- [Task prompt]: Only the lines from the one containing "Snapshot of kristy_calderon" to the end of the data should be copied, exactly and without pictures.

- [Records supplied]:
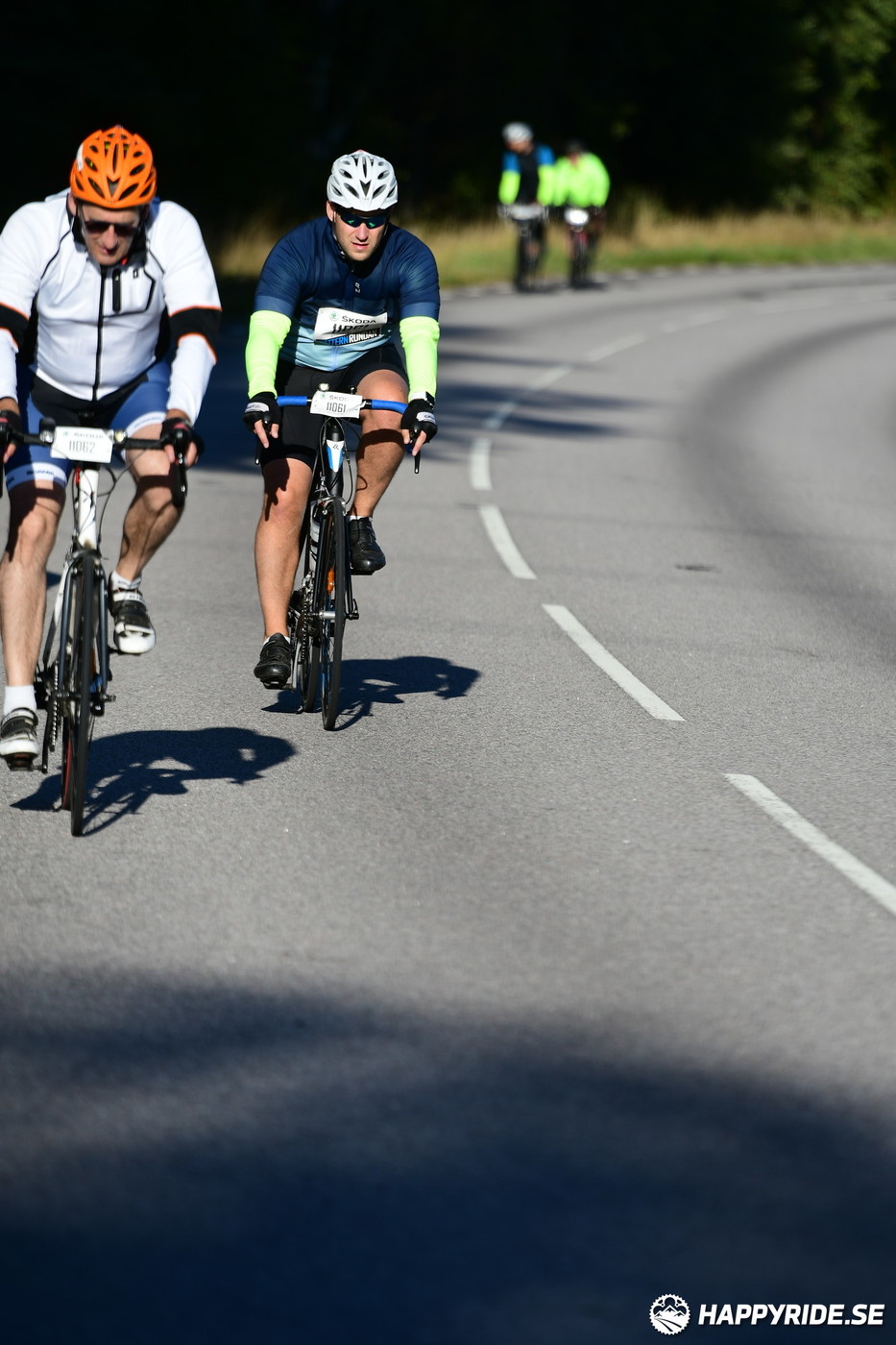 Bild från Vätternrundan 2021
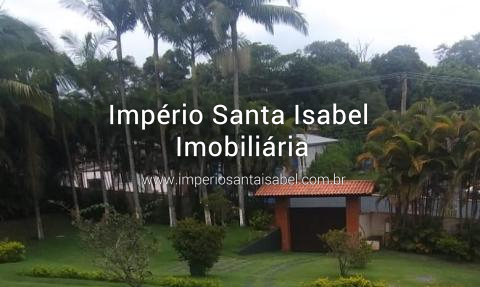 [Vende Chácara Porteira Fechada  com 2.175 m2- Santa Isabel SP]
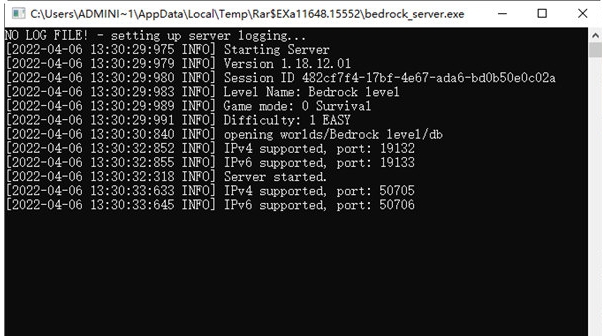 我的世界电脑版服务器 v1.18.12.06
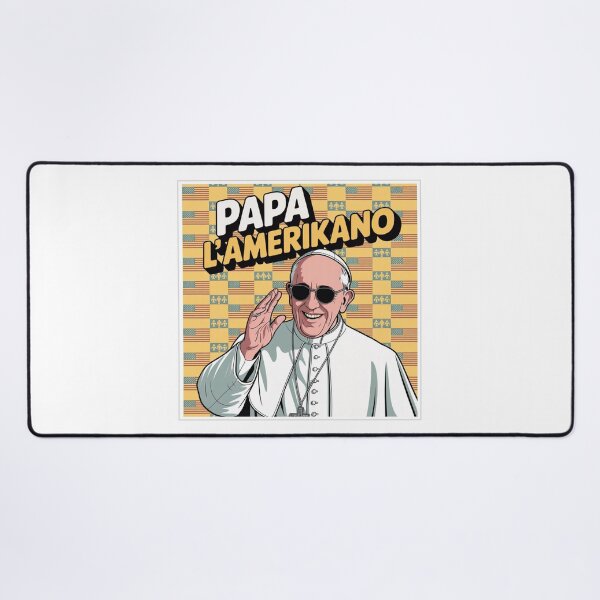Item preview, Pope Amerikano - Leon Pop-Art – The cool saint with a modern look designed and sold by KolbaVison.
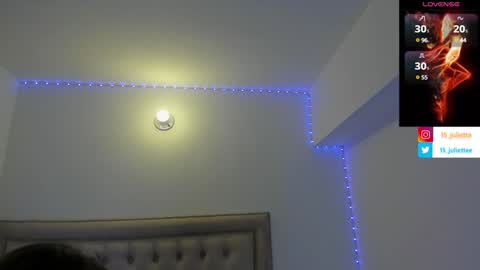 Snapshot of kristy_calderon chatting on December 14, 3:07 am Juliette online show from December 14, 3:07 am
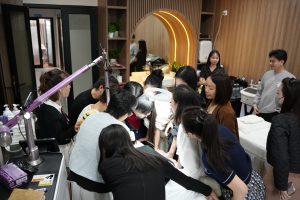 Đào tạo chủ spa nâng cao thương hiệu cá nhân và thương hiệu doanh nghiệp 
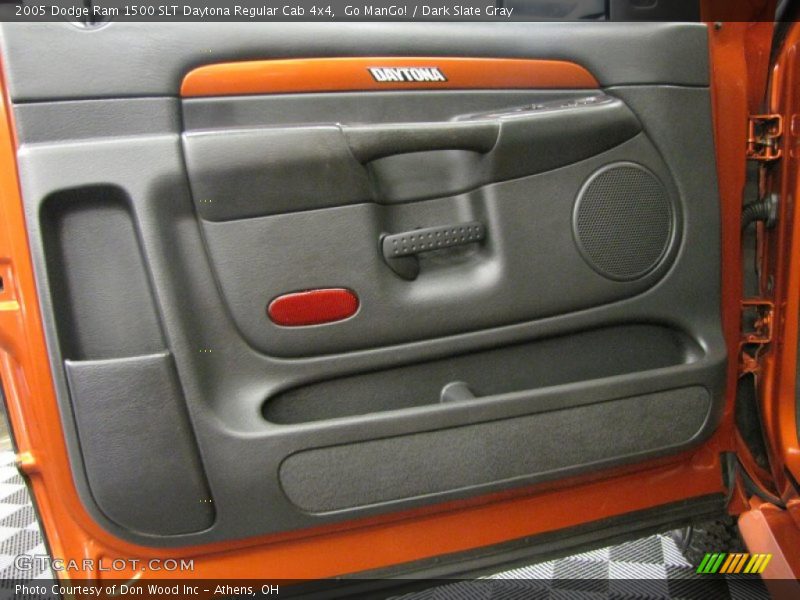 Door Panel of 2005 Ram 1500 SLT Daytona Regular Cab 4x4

- [Response box]:
 Snapshot of kristy_calderon chatting on December 14, 3:07 am Juliette online show from December 14, 3:07 am
 Đào tạo chủ spa nâng cao thương hiệu cá nhân và thương hiệu doanh nghiệp 
 Door Panel of 2005 Ram 1500 SLT Daytona Regular Cab 4x4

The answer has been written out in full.